I am a member of a Chabad-Lubavitch shul with its wonderfully diverse community here in Southeast Asia though I am not a Chasid. I may have caused some discomfort to our much loved Rabbi & Rebbetzin to whom I wished mazel tov on the birth of their daughter's first-born son. The Rebbetzin told me in a soft and polite way that wishing someone mazel tov in this kind of situation was not part of their tradition (Chasidic?). I was concerned that I had made a gaffe. This happened during a Friday-night kiddush at the shul, the mother and newborn still hospitalized, awaiting their hospital discharge.

Why is this so?

  • Welcome to Mi Yodeya Peter! Hopefully your predicament gets resolved. Hopefully those folks won't mind.
    – mevaqesh
    May 24, 2017 at 5:17
  • Probably not for religious reasons. He was probably too worked up about the condition May 24, 2017 at 5:27
  • @ShmuelBrin I sensed that the timing of my good wishes (mazel tov) was just not part of Chasidic Yiddish-kite at that moment and I can reassure you that neither the Rabbi nor the Rebbtzin was unduly "worked up" by the newborn's condition which was minor, very common and had no lasting effects, thank G-d. May 24, 2017 at 5:39
  • You could have asked the Rebbetzin herself.
    – ezra
    May 24, 2017 at 15:04
  • 1
    Easy solution for the future ... The first reaction when you hear about a Jewish birth is to ask, "Is everyone doing OK?" If the answer is affirmative, then you can follow up with "Mazal Tov". Although, in view of my answer, below, even then, you may want to wait until at least the brit, or if a girl, when you see the baby. I've, sadly, seen a bit too often, that a baby born healthy at birth has a major problem a day or two later. There's no knowing.
    – DanF
    May 24, 2017 at 20:57

1 Answer 1


I don't think this is specifically a Hassidic custom. My rav and another in my neighborhood have told me a few times that when I hear that a boy was born, one should wait until after the brit to say mazal tov. From what I understood, the reason is that the boy is not considered a "full Jew" (not that he's not Jewish, but they implied that the brit is a major Jewish event that enters the baby into the covenant) until the brit occurs.

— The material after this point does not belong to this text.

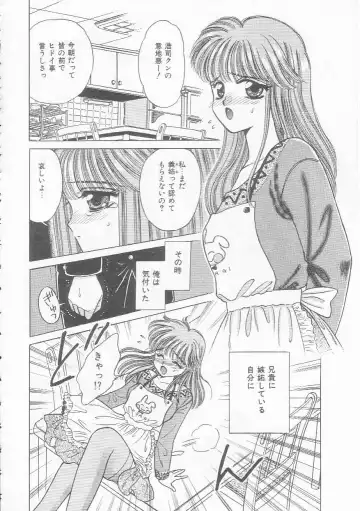 [Kirisawa Mint] bishoujo shiiku no susume Fhentai - Page 130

In light of what you mentioned, as well as knowing what I went through with my oldest son (His brit was significantly delayed), I can see that almost every parent wants to know that his son will at least make it to the brit. Until then, I don't think that anyone should assume that the birth of a baby means that things are automatically "secure", so it makes sense to hold off.

None of the rabbis mentioned anything about girls, incidentally. My own thinking is that the same logic would apply, though. One should not assume that things are automatically fine upon birth. For girls, the best way is to keep in contact with the parents and inquire to the baby's health, to know when it's "safe" to say "Mazal Tov".